*The data:*

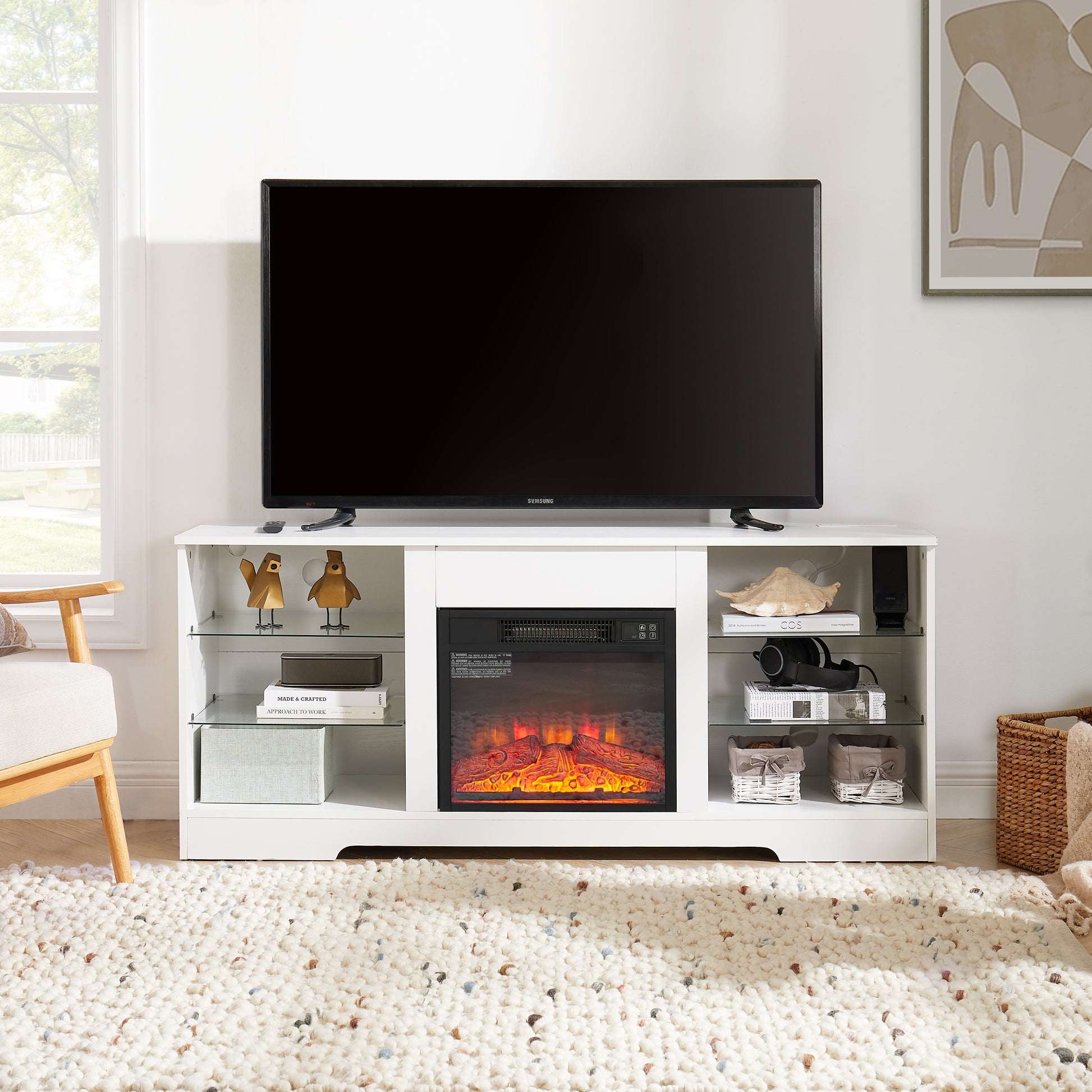 Tv Stand Electric Fireplace Glass Shelves, 3D Fireplace Tv Stand With Led Lights Wood With Usb Charging Outlet Modern Television Table Center For Tv Up To 62" White, 58''W*15.5''D*24.4 White 50 59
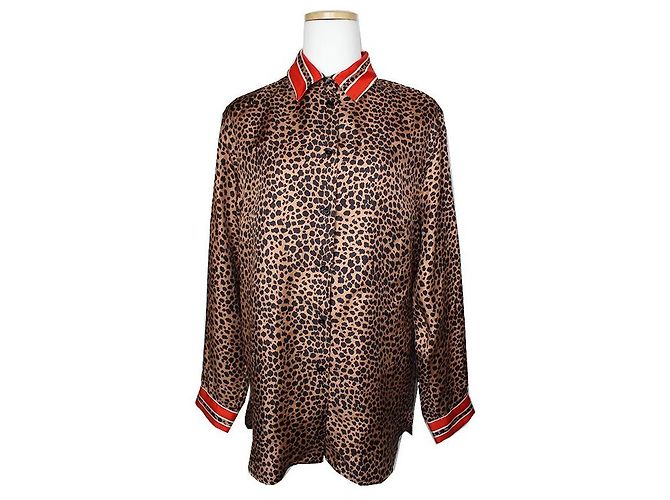 Sandro Leopard Silk Shirt Red
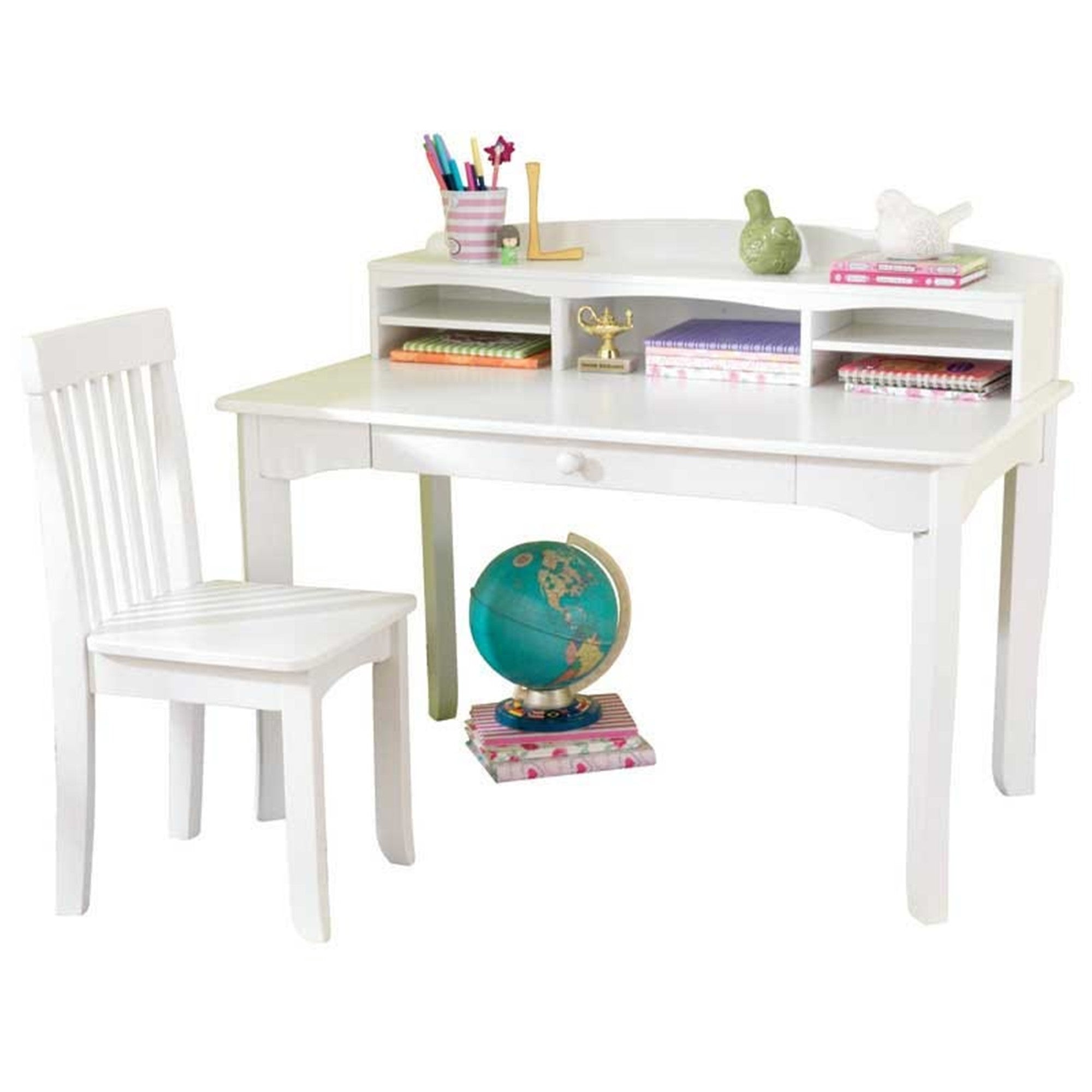KidKraft Avalon Kids Desk with Hutch and Chair - White Study Desk for Children's Room, Homework & Art Station - Perfect for Learning, Drawing & Organizing School Supplies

*Exercise aim:*
What you print must be exactly the lines from the one containing "Sandro Leopard Silk Shirt Red" through the last line of the material, and no pictures.

*Answer for this exercise:*
 Sandro Leopard Silk Shirt Red
KidKraft Avalon Kids Desk with Hutch and Chair - White Study Desk for Children's Room, Homework & Art Station - Perfect for Learning, Drawing & Organizing School Supplies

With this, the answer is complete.